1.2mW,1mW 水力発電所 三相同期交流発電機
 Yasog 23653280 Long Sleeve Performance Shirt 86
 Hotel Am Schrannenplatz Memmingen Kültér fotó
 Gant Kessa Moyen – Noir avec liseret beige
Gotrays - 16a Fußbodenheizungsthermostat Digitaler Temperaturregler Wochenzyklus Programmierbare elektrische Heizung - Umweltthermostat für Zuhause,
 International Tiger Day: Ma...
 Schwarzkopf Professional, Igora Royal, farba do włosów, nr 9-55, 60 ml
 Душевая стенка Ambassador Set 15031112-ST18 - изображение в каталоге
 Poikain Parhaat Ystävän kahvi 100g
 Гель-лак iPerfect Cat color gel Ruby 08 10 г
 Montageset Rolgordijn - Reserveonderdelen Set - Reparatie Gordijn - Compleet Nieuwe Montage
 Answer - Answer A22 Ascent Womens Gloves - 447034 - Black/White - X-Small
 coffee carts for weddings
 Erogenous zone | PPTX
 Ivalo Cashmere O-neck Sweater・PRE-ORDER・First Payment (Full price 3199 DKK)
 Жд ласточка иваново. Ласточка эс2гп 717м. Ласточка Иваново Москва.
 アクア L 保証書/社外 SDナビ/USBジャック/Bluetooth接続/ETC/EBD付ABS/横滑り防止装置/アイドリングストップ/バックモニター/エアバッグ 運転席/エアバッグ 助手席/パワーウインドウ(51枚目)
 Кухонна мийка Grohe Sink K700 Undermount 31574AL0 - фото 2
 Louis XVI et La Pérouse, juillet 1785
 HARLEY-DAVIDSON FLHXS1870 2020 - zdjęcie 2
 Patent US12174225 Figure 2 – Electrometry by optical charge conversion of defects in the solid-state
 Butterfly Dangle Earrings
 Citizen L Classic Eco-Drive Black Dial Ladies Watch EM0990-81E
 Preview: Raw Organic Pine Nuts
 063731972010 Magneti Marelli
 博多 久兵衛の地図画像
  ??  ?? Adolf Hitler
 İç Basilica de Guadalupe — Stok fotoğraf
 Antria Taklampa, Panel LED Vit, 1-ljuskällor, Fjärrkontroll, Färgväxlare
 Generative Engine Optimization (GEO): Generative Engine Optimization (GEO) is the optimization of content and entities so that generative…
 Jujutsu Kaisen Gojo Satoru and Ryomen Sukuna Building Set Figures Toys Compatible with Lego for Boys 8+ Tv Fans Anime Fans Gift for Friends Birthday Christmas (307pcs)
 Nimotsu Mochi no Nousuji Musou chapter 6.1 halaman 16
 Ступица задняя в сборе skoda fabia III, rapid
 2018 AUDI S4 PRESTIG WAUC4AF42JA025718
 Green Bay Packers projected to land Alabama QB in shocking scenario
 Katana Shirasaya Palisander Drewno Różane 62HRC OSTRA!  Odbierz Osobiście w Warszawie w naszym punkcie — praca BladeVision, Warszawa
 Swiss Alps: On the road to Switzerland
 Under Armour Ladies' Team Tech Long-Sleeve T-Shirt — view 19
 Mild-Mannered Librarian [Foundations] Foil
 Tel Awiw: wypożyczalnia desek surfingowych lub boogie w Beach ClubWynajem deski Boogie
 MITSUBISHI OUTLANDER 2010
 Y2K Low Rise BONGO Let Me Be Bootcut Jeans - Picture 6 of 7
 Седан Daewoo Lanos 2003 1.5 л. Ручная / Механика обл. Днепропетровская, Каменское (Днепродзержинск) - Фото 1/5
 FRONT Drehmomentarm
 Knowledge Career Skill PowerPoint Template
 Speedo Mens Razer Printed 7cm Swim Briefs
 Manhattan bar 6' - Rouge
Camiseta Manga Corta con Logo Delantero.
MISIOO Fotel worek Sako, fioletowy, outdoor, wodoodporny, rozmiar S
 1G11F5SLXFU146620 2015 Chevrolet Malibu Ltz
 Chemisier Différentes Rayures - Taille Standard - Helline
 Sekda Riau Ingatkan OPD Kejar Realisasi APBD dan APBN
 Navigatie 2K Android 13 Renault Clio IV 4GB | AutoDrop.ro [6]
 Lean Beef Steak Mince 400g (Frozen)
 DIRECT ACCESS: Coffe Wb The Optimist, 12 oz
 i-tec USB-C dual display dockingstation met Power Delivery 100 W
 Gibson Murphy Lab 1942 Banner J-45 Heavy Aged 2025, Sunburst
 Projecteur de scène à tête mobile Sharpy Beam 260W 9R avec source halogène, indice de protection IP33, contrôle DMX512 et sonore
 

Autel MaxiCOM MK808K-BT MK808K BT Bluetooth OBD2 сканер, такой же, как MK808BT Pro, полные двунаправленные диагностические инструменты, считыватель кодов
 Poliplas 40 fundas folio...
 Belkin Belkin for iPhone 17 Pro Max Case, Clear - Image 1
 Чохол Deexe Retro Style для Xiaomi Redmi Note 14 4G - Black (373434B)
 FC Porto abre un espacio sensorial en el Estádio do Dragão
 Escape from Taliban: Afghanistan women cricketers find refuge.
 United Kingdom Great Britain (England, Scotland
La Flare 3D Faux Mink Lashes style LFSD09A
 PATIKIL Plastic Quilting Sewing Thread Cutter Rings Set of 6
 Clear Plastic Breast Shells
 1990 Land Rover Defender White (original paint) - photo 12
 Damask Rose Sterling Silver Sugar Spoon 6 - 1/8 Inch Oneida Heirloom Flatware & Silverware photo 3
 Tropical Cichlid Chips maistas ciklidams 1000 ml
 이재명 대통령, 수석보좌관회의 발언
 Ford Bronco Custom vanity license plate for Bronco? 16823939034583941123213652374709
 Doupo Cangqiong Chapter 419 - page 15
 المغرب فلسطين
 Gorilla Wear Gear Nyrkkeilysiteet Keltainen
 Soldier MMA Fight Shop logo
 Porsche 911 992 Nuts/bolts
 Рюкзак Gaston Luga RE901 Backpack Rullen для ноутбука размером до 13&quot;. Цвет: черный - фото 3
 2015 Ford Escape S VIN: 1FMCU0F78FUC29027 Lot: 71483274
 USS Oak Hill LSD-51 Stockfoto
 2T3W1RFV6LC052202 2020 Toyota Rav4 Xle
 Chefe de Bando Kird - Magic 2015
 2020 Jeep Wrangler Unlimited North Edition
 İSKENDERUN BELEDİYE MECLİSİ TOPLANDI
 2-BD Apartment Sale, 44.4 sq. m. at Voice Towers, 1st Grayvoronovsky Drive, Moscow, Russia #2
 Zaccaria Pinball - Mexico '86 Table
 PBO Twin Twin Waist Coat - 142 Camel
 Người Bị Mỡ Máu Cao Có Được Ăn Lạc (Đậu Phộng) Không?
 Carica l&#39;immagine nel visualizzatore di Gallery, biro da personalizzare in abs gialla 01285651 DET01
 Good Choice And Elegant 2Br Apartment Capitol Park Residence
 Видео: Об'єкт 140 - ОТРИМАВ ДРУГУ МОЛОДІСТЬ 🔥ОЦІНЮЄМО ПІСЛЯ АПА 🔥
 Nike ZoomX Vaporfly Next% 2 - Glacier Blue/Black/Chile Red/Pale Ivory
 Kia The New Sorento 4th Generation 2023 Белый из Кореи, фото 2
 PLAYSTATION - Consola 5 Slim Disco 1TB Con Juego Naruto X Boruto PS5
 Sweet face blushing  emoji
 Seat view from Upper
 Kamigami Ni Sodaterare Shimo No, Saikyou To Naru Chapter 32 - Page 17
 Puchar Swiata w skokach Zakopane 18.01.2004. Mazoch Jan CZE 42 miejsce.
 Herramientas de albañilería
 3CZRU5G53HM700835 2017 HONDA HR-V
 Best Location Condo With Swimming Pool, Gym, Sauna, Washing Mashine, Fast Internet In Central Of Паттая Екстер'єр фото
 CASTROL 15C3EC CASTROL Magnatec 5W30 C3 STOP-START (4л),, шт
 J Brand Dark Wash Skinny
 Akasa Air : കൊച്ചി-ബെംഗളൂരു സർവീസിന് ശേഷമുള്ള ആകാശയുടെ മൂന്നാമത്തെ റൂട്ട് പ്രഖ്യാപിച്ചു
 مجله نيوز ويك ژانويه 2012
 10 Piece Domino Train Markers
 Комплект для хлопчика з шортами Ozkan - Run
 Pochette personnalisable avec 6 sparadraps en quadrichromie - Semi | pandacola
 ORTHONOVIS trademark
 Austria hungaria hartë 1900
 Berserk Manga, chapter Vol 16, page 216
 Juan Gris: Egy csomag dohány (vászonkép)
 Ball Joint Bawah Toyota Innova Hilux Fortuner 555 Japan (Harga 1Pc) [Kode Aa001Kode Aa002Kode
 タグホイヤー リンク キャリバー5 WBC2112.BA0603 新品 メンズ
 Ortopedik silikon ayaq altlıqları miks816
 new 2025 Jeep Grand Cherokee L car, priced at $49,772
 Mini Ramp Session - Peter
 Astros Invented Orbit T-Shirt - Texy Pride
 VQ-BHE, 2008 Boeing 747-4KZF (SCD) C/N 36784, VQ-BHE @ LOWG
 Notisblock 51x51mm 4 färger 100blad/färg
★ ★ ★
| Activity |
Your task is to restate, word for word, only those lines above that fall between the line holding "Manhattan bar 6' - Rouge" and the line holding "Porsche 911 992 Nuts/bolts", inclusive.

| Response box |
 Manhattan bar 6' - Rouge
Camiseta Manga Corta con Logo Delantero.
MISIOO Fotel worek Sako, fioletowy, outdoor, wodoodporny, rozmiar S
 1G11F5SLXFU146620 2015 Chevrolet Malibu Ltz
 Chemisier Différentes Rayures - Taille Standard - Helline
 Sekda Riau Ingatkan OPD Kejar Realisasi APBD dan APBN
 Navigatie 2K Android 13 Renault Clio IV 4GB | AutoDrop.ro [6]
 Lean Beef Steak Mince 400g (Frozen)
 DIRECT ACCESS: Coffe Wb The Optimist, 12 oz
 i-tec USB-C dual display dockingstation met Power Delivery 100 W
 Gibson Murphy Lab 1942 Banner J-45 Heavy Aged 2025, Sunburst
 Projecteur de scène à tête mobile Sharpy Beam 260W 9R avec source halogène, indice de protection IP33, contrôle DMX512 et sonore
 

Autel MaxiCOM MK808K-BT MK808K BT Bluetooth OBD2 сканер, такой же, как MK808BT Pro, полные двунаправленные диагностические инструменты, считыватель кодов
 Poliplas 40 fundas folio...
 Belkin Belkin for iPhone 17 Pro Max Case, Clear - Image 1
 Чохол Deexe Retro Style для Xiaomi Redmi Note 14 4G - Black (373434B)
 FC Porto abre un espacio sensorial en el Estádio do Dragão
 Escape from Taliban: Afghanistan women cricketers find refuge.
 United Kingdom Great Britain (England, Scotland
La Flare 3D Faux Mink Lashes style LFSD09A
 PATIKIL Plastic Quilting Sewing Thread Cutter Rings Set of 6
 Clear Plastic Breast Shells
 1990 Land Rover Defender White (original paint) - photo 12
 Damask Rose Sterling Silver Sugar Spoon 6 - 1/8 Inch Oneida Heirloom Flatware & Silverware photo 3
 Tropical Cichlid Chips maistas ciklidams 1000 ml
 이재명 대통령, 수석보좌관회의 발언
 Ford Bronco Custom vanity license plate for Bronco? 16823939034583941123213652374709
 Doupo Cangqiong Chapter 419 - page 15
 المغرب فلسطين
 Gorilla Wear Gear Nyrkkeilysiteet Keltainen
 Soldier MMA Fight Shop logo
 Porsche 911 992 Nuts/bolts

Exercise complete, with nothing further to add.